> **What the task asks**
Write out exactly every line from the one containing "QON GURUHINI ANIQLASH" through the final line of the material below, both included. Pictures are to be skipped.

> **Entries supplied**

· · · · ·

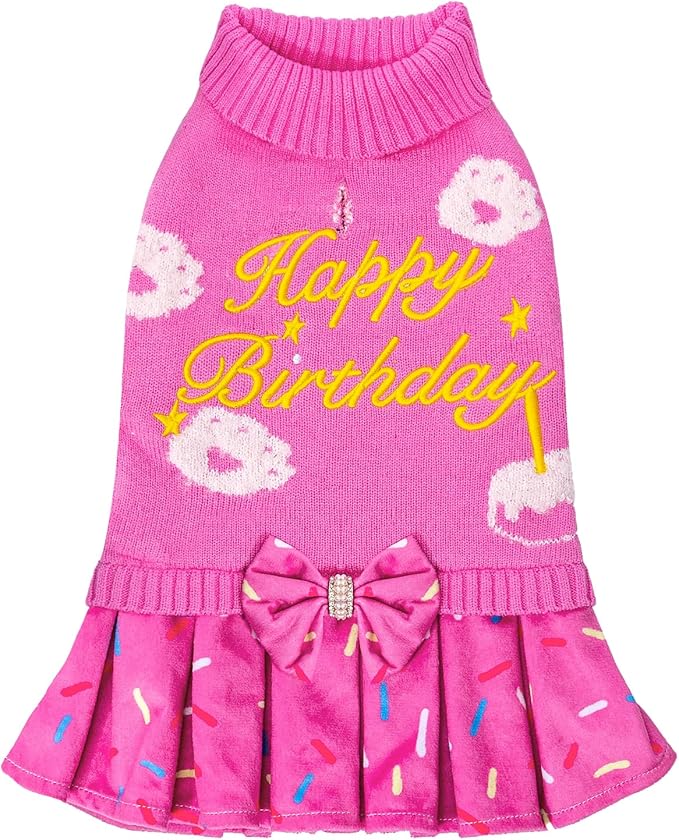 CuteBone Pink Dog Sweater Dress Happy Birthday Pet Sweater Sweaters for Large Dogs with Bowtie Pullover Pupply Clothes Cats Clothes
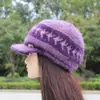 Chapéu de Lã Tricotado com Forro de Fleece Quente Versátil Estilo Inverno para Mulheres Idosas, Mães de Meia-Idade e Idosas, Chapéu de Lã Tricotado com Aba Larga à Prova de Frio para Mulheres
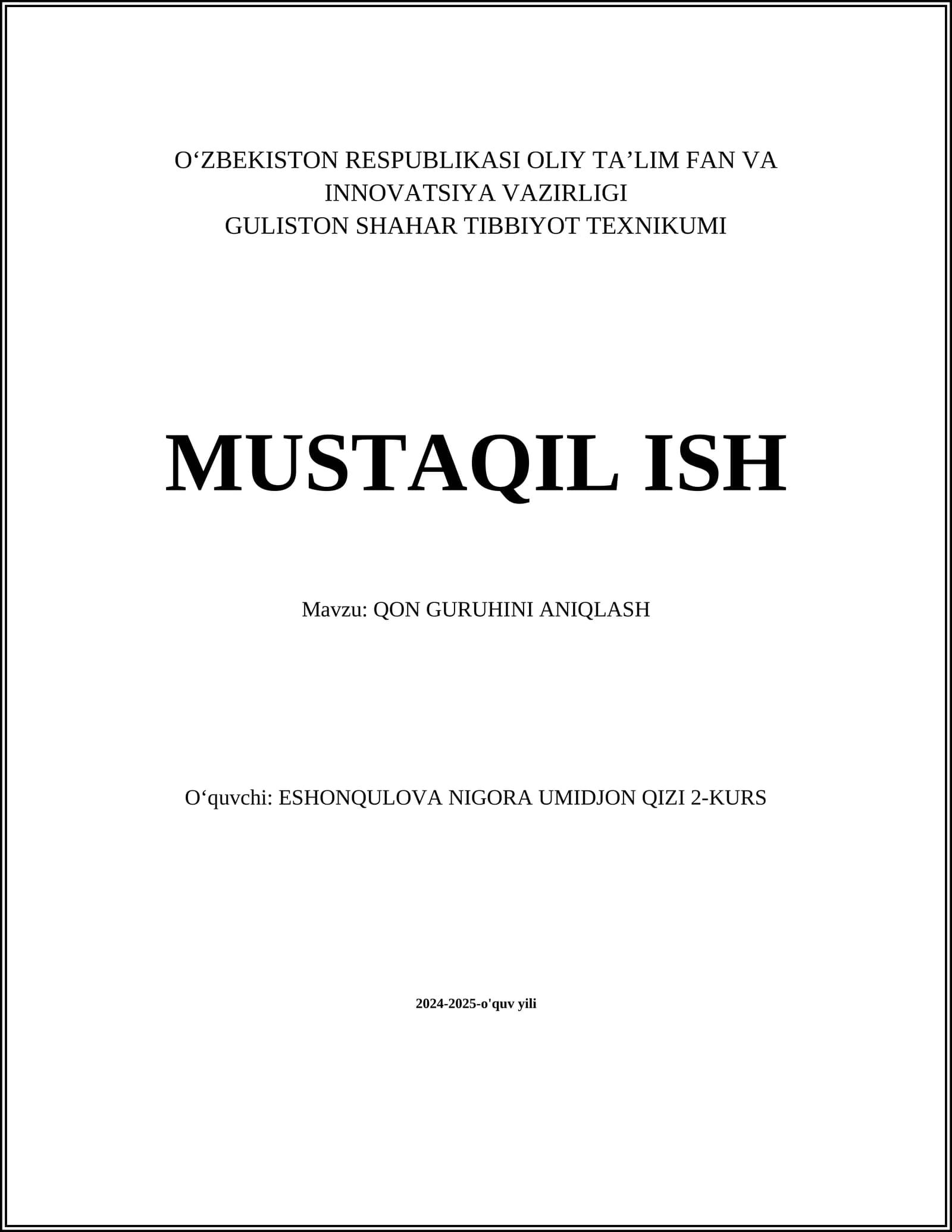 QON GURUHINI ANIQLASH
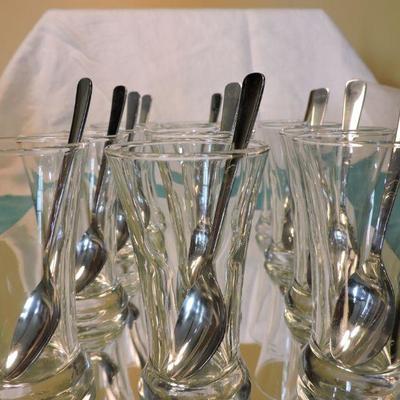 Set of 12 Dessert Glasses and Spoons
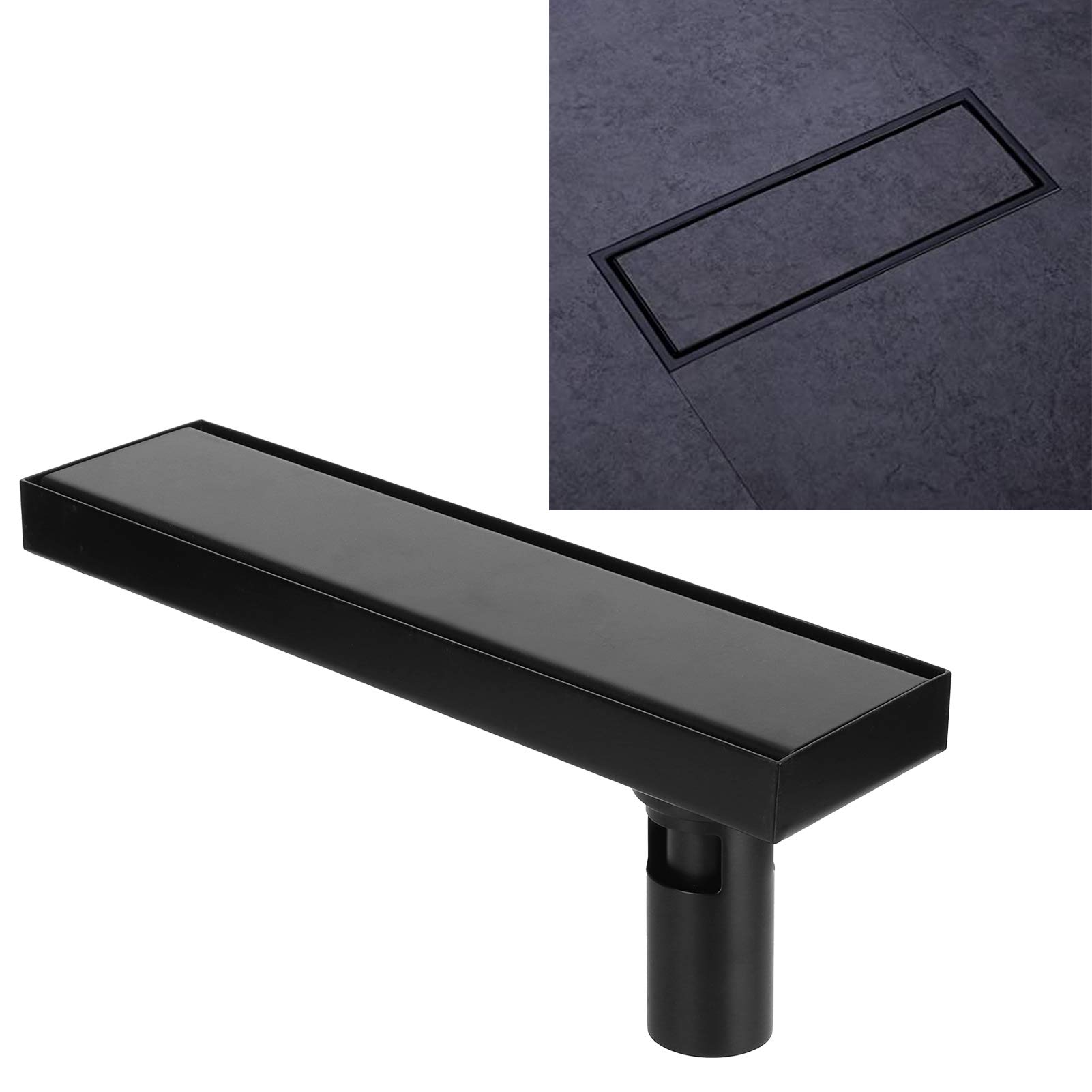 30 cm liniowy odpływ podłogi | 304 Stal nierdzewna matowa czarna prysznic | Długa - trwały drenaż łazienki/kuchni z wyjmowaną osłoną | Szybki projekt drenażu wody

· · · · ·

> **Task result**
 QON GURUHINI ANIQLASH
 Set of 12 Dessert Glasses and Spoons
 30 cm liniowy odpływ podłogi | 304 Stal nierdzewna matowa czarna prysznic | Długa - trwały drenaż łazienki/kuchni z wyjmowaną osłoną | Szybki projekt drenażu wody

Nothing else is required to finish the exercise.